First of all we define the basic properties of the games that we will be looking at, and they are :

    1. There are two players.
    2. There is a set, usually finite, of possible positions of the game.
    3. The rules of the game specify for both players. If rules make no distinction between the players i.e. if players have same options of moving from each position, the game is called impartial :otherwise its called partial.
    4. The players alternate moving.
    5. The game ends when a position is reached from which no moves are possible for the player whose turn it is to move. Under the normal play rule, the last player to move wins. Under the misere play rule the last player to move loses.
    6. The game ends in a finite number of moves no matter how it is played.



Simplest of such games are the Take away games. Here is an example explaining what a Take-away game is:
  1. There are two players.
  2. There is a pile of chips in the center of a table (say 30).
  3. A move consists of removing one, two, or three chips from the pile. At least one chip must be removed, but no more than three may be removed.
  4. Players alternate moves with Player I starting.
  5. The player that removes the last chip wins.

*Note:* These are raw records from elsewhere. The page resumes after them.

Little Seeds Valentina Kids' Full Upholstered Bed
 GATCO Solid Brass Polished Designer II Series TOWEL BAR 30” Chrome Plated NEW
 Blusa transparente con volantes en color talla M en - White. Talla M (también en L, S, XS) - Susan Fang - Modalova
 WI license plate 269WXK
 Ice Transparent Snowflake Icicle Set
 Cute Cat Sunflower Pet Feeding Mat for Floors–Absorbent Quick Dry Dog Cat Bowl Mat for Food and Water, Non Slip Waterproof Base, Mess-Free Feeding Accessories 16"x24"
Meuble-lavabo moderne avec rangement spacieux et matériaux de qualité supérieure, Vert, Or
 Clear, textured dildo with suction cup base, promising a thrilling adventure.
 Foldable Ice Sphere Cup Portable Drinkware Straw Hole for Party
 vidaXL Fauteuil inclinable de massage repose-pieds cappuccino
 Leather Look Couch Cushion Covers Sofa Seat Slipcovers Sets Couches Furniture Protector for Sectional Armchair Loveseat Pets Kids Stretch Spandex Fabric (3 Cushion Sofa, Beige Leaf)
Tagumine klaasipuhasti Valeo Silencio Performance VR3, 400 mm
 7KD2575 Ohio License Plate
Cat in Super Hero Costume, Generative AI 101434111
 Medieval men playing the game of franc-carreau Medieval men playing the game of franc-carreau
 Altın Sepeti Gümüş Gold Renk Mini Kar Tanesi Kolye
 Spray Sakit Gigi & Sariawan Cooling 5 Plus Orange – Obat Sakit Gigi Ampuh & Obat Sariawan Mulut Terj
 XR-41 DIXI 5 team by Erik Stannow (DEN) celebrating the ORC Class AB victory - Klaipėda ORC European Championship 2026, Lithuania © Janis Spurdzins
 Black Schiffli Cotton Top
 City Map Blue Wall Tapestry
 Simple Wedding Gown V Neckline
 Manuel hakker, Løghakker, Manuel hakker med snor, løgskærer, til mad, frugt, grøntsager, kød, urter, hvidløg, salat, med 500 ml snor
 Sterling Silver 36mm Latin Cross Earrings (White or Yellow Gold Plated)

We analyze this game from the end back to the beginning. This method is sometimes called backward induction.
We note that when there are no chips left its the loosing position for the person who's turn it is now. When there are 1,2 or 3 chips left, the person who's turn is next will definitely will (since he can take all the coins that are left). Now if we look at the situation where 4 chips are left, it appears to be a loosing one for the person who's turn is next, because no matter how many chips the player (who's turn it is) take away from the pile (he can take either 1,2 or 3 chips), he always ends up giving the other player a position from where we found he would win. Similarly we find that 5,6 and 7 are all winning positions for the person who's  turn is next.
Thus we see that the Take-away game ends up with a pattern of winning and loosing positions.
More elaborately, we define these winning positions and loosing positions as N positions and P positions respectivly.



P-positions and N-positions are defined recursively by the following three statements.
(1) All terminal positions are P-positions.
(2) From every N-position, there is at least one move to a P-position.
(3) From every P-position, every move is to an N-position



There  are innumerable games based on the above mentioned P-position N-position logic.
Describing each of them would make this reminder node too long, hence i have just mentioned their names.


Some Games based on P-position N-position logic are:

  1. The Subtraction Game: This is a modified Take-away Game where the number of chips that can be removed from the pile of coin, is taken from a given set.
  2. The Thirty-one Game:  Another modified Take-away Game where the number of times that a particular number can be subtracted from the pile is restricted to a given value.
  3. Empty and Divide: In this there are two boxes containing (m,n) coins. at each turn a player needs to empty one box and divide the content of the other between the two boxes according to his wish.
  4. Chomp: This game involves removing squares from a rectangular board (m*n) A move consists in taking a square and removing it and all squares to the right and above. The player who takes square (1, 1) loses.
  5. Dynamic subtraction: Another modified Take -away Game with restriction on the subtracting numbers varying dynamicly.
  6. The SOS Game: This consist of a square (n*n), initially empty, where player write S or O alternately. The first person who completes the word SOS wins.